Poe's sleep had taken a hit, lately. Ever since the First Order informant had shown up, far too fond of his old masters for Poe's comfort, things had seemed to go off-kilter - like a listing deck and a grav system of the fritz. He never knew quite where his steps would land. This place had a way of upending alliances, of throwing things backward like a mirror, distorting them into shapes he didn't recognize, and it was possible that he was afraid - afraid that someday he would look up and see something crucial to him, stretched beyond recognition. That he would land wrong-footed and something he loved would break in the fall. There were people he was sure of, beyond the faintest doubt. Leia. Finn. Senator Organa. But none of them had any control, here. Something could happen, any moment of any day, and they could be - gone.

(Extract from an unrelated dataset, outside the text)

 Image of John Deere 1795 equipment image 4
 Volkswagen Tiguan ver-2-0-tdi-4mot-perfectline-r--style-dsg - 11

Much like Kylo Ren was just suddenly here. He was indelibly stained in Poe's mind with the color of agonizing pain, the laser-bright feeling of someone sinking their hand into what wasn't theirs. Of Hosnian Prime. Of Tuanul - the color he could see behind his eyelids when, finally, he'd been able to look away from that blaster bolt hanging in the air, meant for him, from the village burning on the periphery. It shouldn't have unsettled him this much. It shouldn't have sent him stumbling out on the offensive, all rage and fear and hurt. That sort of harm wouldn't come to him here. It wouldn't come to anyone. From that, it seemed, they were safe.
It wasn't as much comfort as he wanted it to be. He rolled out of bed shamefully late on Saturday morning (afternoon? afternoon), and trudged off to the cafeteria to sit by himself and suck down some much-needed coffee, BB-8 zig-zagging relatively quietly in his wake. His hair was a stiff mess, sticking out in a wing above one ear; he'd done less than normal to assuage his vain concerns that pink wasn't really his color. His heart was somewhere a few lightyears behind him, tangled in a frantic mess of worry, and his brain was nowhere to be found -
And a little flash of flame caught in the corner of his eye, drawing his gaze (which was operating on autopilot - but as a starfighter pilot who'd survived a decade on the job, he liked to think he had a pretty good one of those). Daenerys was there, feeding her dragon, her fingers bare centimeters away from fire and sharp teeth and animal impulse; her expression was almost tranquilly absent, profoundly unconcerned with the risks that sat upon her knee. It affected him more than he expected in that moment, that incredible bond of trust. He'd felt for a couple weeks like someone could scratch him with a fingernail and see right through, and this was that feeling - being shoved suddenly and unceremoniously into complete transparency, by something that ought to have been entirely quotidian. A woman feeding her pet.
He went to get his coffee. He stuffed a crust of bread in his mouth. And he went to sit by her, BB-8 stopping at his ankle and tilting to focus with a whirr on the dragon in her lap. "He likes those, huh?" He smiled at the dragon, managing at least somewhat to beat back the excess emotion threatening to heighten his expression. "Everyone seems to like those. I don't really see the appeal."